- [RECORDS FOR PROCESSING]:

-----

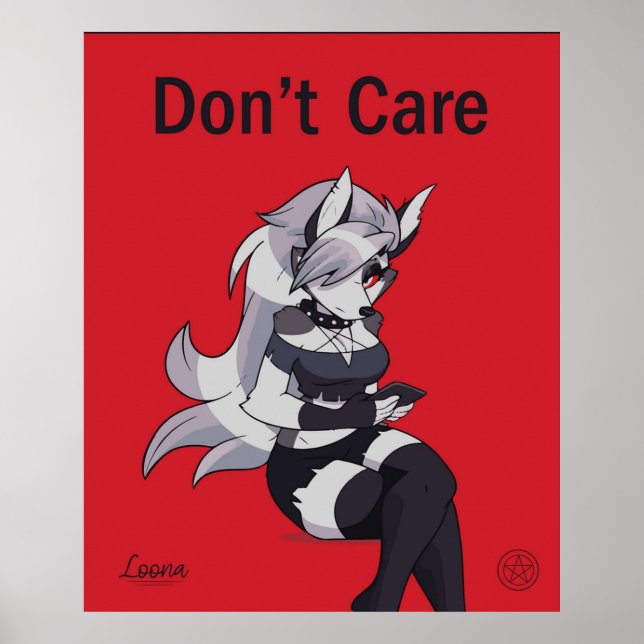 Helluva Chef Loona Dope Fanart Poster (Framsidan)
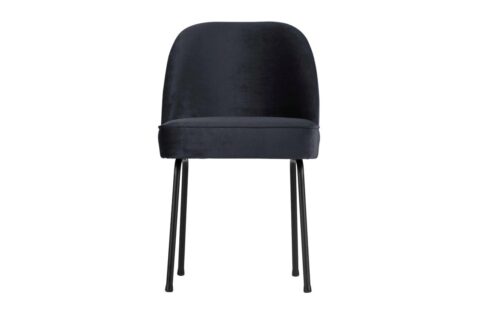 BePureHome Stoel Vogue Fluweel Inkt Stoelen Stof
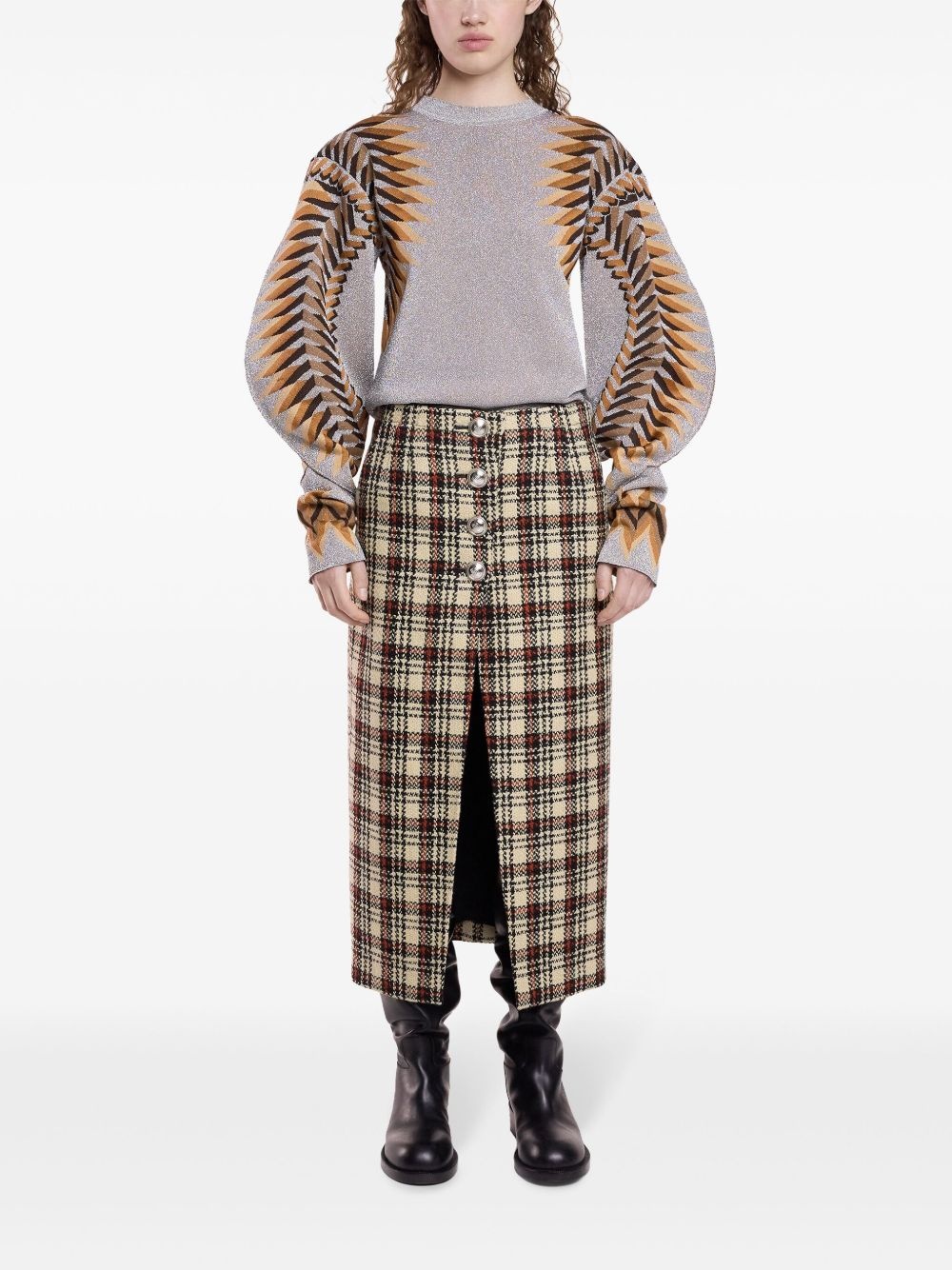 jacquard sweater - 2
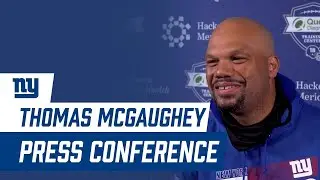Thomas McGaughey on Value of Punter Riley Dixon | New York Giants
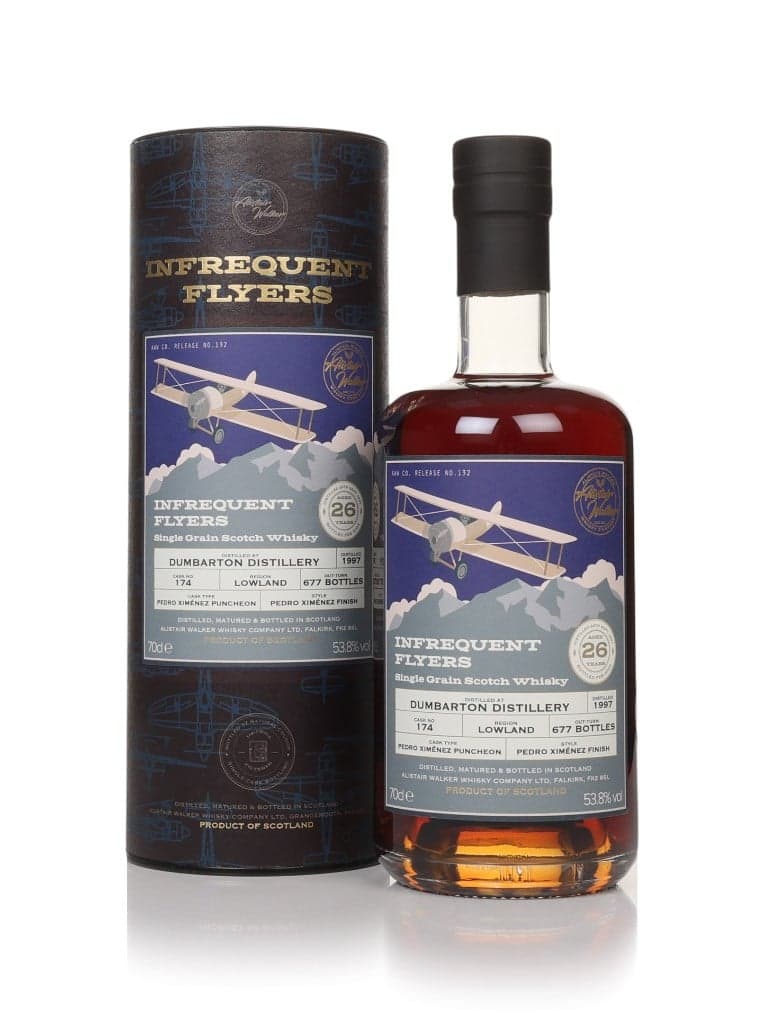Dumbarton 26 anos 1997 (cask 174) - Infrequent Flyers (Alistair Walker)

-----

- [TASK OBJECTIVE]:
Repeat the entries exactly, without pictures.

- [REPLY]:
 Helluva Chef Loona Dope Fanart Poster (Framsidan)
 BePureHome Stoel Vogue Fluweel Inkt Stoelen Stof
 jacquard sweater - 2
Thomas McGaughey on Value of Punter Riley Dixon | New York Giants
Dumbarton 26 anos 1997 (cask 174) - Infrequent Flyers (Alistair Walker)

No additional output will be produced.